When the party starts after a 12-hour day, Mancilla and co. let their guest enjoy picking apart Jon Hamm while listening to local musicians — VANDALS, Lonely Horse, Chris Conde, among others — and watching fire dancers entertain the crowd. Clean up would have to wait until the next day.


Tips on Roasting a Pig at Home

click to enlarge PHOTO BY BRIAN CARON
  • Photo by Brian Caron

Luis Colon // Folc

Rub it down: Always consider the crowd and hunger level. Marinating is crucial. I do a mojo rub as opposed to a brine (blended cilantro, green onion, garlic, vinegar, oil, salt). Salt is your friend. If you think it’s too much salt, add more. There’s more meat than you can imagine. Score the animal. I add salt in the scores plus I stuff garlic cloves in each crevice. The garlic roasts in there and it flavors the meat around it.
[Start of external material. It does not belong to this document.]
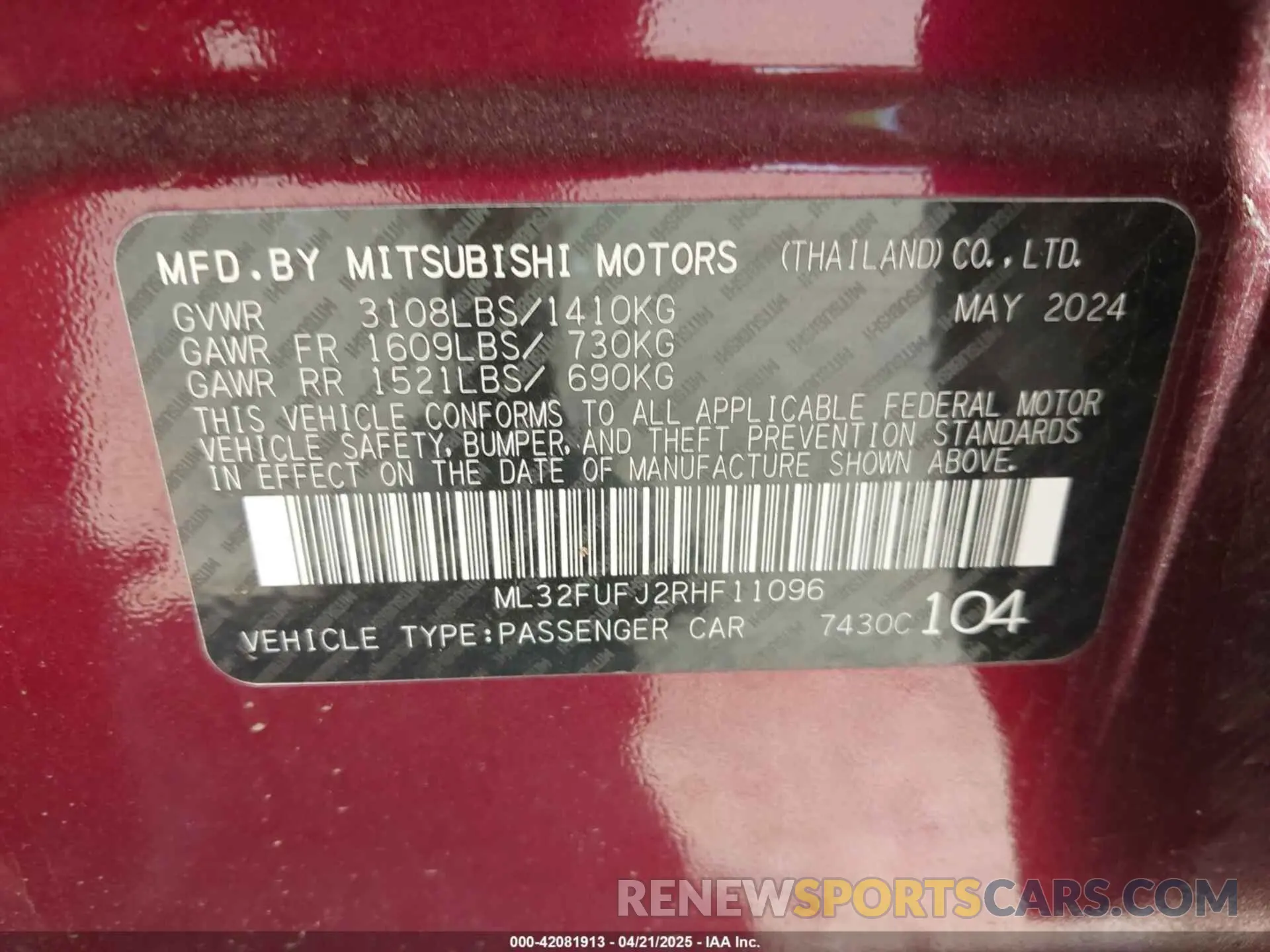 9 fotografías del automóvil dañado ML32FUFJ2RHF11096 MITSUBISHI MIRAGE G4 2024
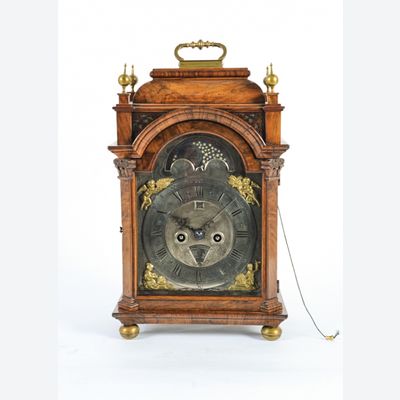 Very Small Unusual 18th Century Amsterdam Burr Walnut Bracket Clock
Cooking a pig: Caja China is the way to go.... Super efficient, set it and forget it almost. Set it belly up first so the bones heat up and help with the cooking. Then flip that bad boy over 3 hours in to crisp up the skin. The broiling action with that direct heat creates that glass like crackling on the back of the animal.

Steve McHugh // Cured

Choosing a pig: I always advise to go local — support the farmers in your area. These are the go-to guys for buying a whole hog because the smaller farms raise heritage breed pigs known for their fat, as opposed to a more economic hog that has been raised for its meat. Fat is flavor!

Brining a pig: The great thing about roasted pigs is that they transcend all cultures — Asian, European, Hawaiian, Southern, you name it. Regardless of how you are going to flavor it, you always need to brine the pig first. Grab a large ice chest big enough to hold the pig and make a water/salt solution, I like to add some sugar as well. Depending on the size of the pig, let it soak for a minimum of 24 hours, and up to two days. Brining helps pull out the moisture, giving you that great crackily skin. Cooking a pig: Slow and low!

Halston Connella // Brigid/Francis Bogside

Rub-a-dub-dub: I usually use a dry rub with brown sugar and salt equal parts. Then add any other spices depending on the cuisine you are trying to cook with the pig. I like to rub it for at least a day or two.

Choosing the wood: When it comes to wood it’s either pecan or oak wood. The other important thing is to not get the fire too hot or else it will burn the skin before the pig is finished cooking.